▶ _Record set_:
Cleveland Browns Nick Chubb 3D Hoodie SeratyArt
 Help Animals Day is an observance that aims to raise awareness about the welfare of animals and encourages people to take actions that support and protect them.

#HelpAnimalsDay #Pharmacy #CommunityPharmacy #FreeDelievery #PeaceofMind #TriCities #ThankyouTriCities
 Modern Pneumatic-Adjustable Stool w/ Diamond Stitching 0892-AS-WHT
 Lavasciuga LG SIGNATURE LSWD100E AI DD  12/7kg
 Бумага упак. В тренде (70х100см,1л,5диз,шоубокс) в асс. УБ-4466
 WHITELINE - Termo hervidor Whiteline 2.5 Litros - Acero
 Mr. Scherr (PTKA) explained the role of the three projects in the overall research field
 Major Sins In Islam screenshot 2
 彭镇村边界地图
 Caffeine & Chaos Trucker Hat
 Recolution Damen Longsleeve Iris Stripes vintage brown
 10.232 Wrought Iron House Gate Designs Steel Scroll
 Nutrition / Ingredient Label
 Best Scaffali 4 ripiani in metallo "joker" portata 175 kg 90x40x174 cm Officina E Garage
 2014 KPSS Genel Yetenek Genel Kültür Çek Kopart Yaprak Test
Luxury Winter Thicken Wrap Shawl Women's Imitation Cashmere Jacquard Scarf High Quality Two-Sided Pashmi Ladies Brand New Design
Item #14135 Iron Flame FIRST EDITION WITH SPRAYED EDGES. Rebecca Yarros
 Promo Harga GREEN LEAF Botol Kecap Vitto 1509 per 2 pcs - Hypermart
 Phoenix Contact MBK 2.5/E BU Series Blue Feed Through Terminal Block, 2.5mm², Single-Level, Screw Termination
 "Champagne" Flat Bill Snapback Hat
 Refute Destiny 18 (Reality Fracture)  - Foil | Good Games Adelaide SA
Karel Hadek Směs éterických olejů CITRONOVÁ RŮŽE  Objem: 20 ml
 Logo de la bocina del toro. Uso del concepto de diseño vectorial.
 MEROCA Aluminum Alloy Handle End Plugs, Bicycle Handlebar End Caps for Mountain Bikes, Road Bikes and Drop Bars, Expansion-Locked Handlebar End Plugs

▶ _Work order_: Filter the listing above by the word "Iron"; copy each line that passes.

▶ _Solution for this task_:
 10.232 Wrought Iron House Gate Designs Steel Scroll
Item #14135 Iron Flame FIRST EDITION WITH SPRAYED EDGES. Rebecca Yarros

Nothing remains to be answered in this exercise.